To improve your blood pressure reading, eating less sodium is on top of the list.  In my previous blog I mentioned that The Dietary Approaches to Stop Hypertension, referred to as DASH, encourages you to  reduce the sodium in your diet and eat a variety of foods rich in nutrients that help lower blood pressure.  Let’s look at this in more detail.

Sodium is a major component of table salt.  Our craving for salt is actually learned, and as such, can be unlearned.  If we cut back on our salt intake, the desire for salt will gradually decrease.   The American Heart Association  recommends to limit your intake to 1500 mg daily.  This can be a real challenge because food manufacturers add so much sodium to processed foods.  We need some sodium, but it is present in our foods as they are picked from the field because it is in the soil.  Most foods have some sodium even before they are processed, and that is OK, since it is enough to supply what we need but not enough to cause health problems.  It is the canned and processed foods that are the problem. If we cut out table salt, we only reduce our sodium intake by about 15%. Your best bet is to find items which state, “No Added Salt” on the label. You can also read the nutrition facts label.
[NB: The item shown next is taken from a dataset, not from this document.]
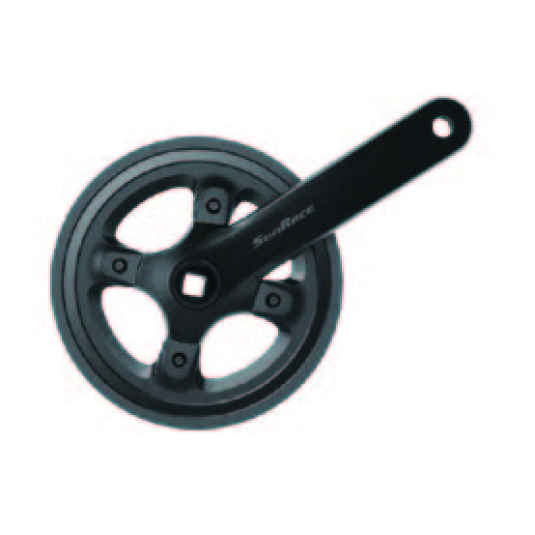 Комплект шатунов SunRace FCM80V под квадрат, 170 мм, 34T, 96BCD, на 11/10/9шв., черный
The % Daily Value section on the food label tells you the percent of each nutrient in a single serving, in terms of the daily recommended amount. As a guide, if you want to consume less of a nutrient (such as saturated fat, cholesterol or sodium), choose foods with a lower % Daily Value of 5 percent or less. If you want to consume more of a nutrient (such as fiber), seek foods with a higher % Daily Value of 20 percent or more.
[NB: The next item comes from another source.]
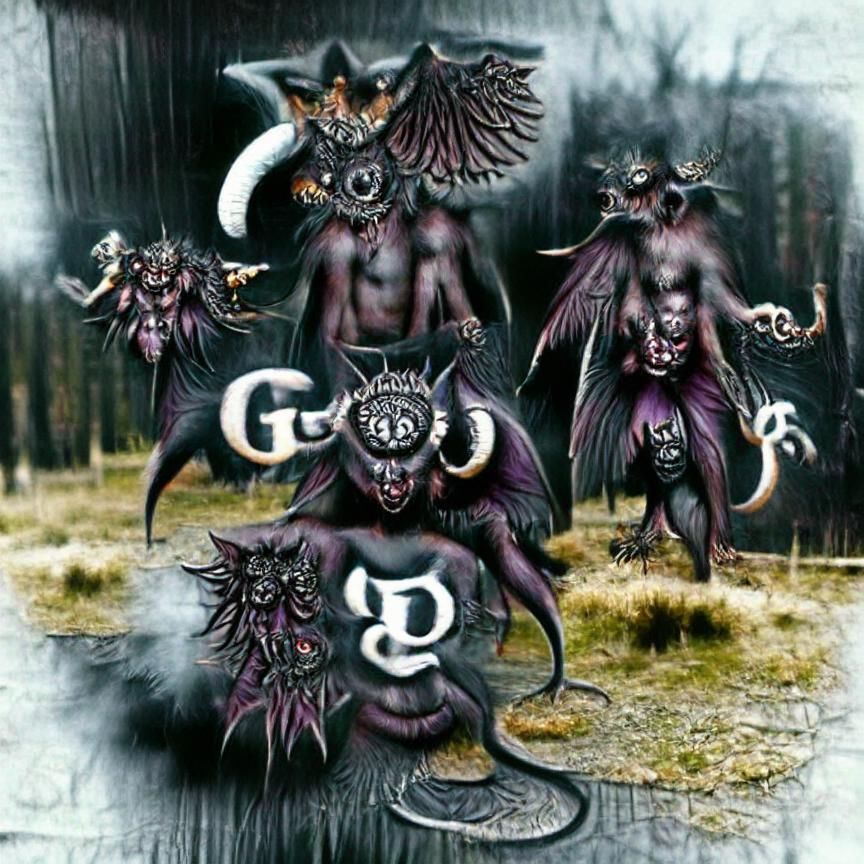 Intricate Demonic Figure in Gothic Style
The typical sodium intake in our society is around 4000 – 5000mg/day.  As previously stated, the American Heart Association recommends cutting back to 1500mg to be heart healthy.  There are several steps you can take to reach that level.  Buy varieties of food with no added salt.  Rinse regular canned foods under running water to help reduce salt.  Skip items with added sauces.   Avoid food items that have been cured, smoked, processed, brined, or pickled since all have been prepared in salt.  For luncheon meats its better to cook fresh meat and slice up versus deli meats.  Cheese is high in salt so use sparingly. Be aware of products with the word sodium or salt in it such as monosodium glutamate, celery salt, onion salt, and garlic salt.  Use powders instead such as garlic powder. There are no limits on herbs and spices. There are also seasoning mixes with no salt you can try, like Mrs. Dash, which comes in various flavors.

So where is your level of sodium intake?  See if you can change your craving for salt by following the above recommendations for a month.  You may surprise yourself and suddenly decide salty chips are toooo salty and unappealing.
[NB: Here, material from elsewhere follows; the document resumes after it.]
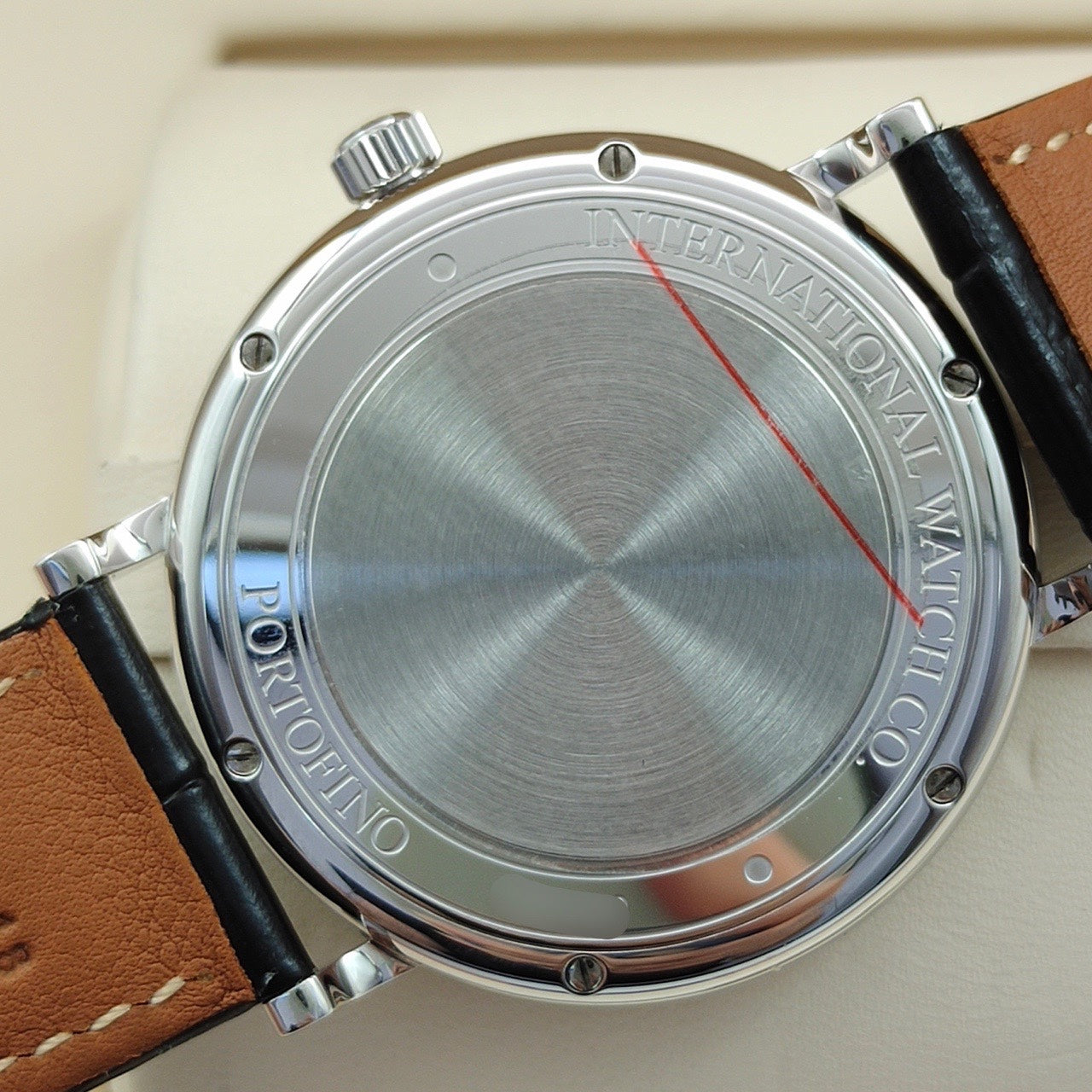 Longines White Automatic (self-winding) watch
Signature by Joanne Slyter, registered dietitian who focuses her practice on nutrition consulting and coaching

Share

I Don’t Know Why I have High Blood Pressure

In my previous blogs I looked at elevated HDL and triglyceride as risk factors for heart disease.  Both of these can be elevated due to eating behavior and weight, but family history can also be a detriment.  The next risk factor I want to focus on is high blood pressure.

A high blood pressure is defined as 140/90 or higher.  It is a common condition in which the force of the blood against your artery walls is high enough that it may eventually cause health problems, such as heart disease. The more blood your heart pumps and the narrower your arteries, the higher your blood pressure.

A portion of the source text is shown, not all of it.